Problem: Each line from the one containing "Minnie Jeans Outfit" through the final line of the records is to be repeated exactly, with no additions.

** Records for the task follows **

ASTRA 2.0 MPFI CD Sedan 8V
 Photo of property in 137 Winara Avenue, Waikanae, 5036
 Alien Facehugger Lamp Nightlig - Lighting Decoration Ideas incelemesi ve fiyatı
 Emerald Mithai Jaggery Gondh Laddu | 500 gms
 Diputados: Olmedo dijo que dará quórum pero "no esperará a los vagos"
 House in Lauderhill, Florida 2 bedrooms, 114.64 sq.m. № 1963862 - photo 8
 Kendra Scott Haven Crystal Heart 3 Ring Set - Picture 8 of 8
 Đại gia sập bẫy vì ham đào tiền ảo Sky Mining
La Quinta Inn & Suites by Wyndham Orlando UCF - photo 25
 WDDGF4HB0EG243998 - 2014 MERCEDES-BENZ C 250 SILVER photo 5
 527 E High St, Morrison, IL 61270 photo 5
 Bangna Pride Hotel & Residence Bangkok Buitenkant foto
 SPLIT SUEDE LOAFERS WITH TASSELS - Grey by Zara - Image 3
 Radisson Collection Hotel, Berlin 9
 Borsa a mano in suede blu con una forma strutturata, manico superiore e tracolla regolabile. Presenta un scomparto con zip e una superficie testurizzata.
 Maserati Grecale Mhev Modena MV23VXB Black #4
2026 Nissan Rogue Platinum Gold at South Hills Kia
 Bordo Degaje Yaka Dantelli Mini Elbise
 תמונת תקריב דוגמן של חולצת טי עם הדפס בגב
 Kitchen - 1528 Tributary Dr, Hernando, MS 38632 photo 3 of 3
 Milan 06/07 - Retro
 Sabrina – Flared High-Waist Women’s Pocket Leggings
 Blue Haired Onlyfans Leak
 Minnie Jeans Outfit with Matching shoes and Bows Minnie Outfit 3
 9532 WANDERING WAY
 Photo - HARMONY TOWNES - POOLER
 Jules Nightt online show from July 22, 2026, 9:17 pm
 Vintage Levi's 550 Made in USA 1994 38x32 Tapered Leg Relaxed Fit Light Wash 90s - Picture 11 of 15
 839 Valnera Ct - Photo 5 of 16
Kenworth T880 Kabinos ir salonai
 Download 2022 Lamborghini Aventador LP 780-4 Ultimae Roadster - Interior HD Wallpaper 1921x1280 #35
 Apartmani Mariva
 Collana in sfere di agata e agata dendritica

** End of Records for the task **

Response below:
 Minnie Jeans Outfit with Matching shoes and Bows Minnie Outfit 3
 9532 WANDERING WAY
 Photo - HARMONY TOWNES - POOLER
 Jules Nightt online show from July 22, 2026, 9:17 pm
 Vintage Levi's 550 Made in USA 1994 38x32 Tapered Leg Relaxed Fit Light Wash 90s - Picture 11 of 15
 839 Valnera Ct - Photo 5 of 16
Kenworth T880 Kabinos ir salonai
 Download 2022 Lamborghini Aventador LP 780-4 Ultimae Roadster - Interior HD Wallpaper 1921x1280 #35
 Apartmani Mariva
 Collana in sfere di agata e agata dendritica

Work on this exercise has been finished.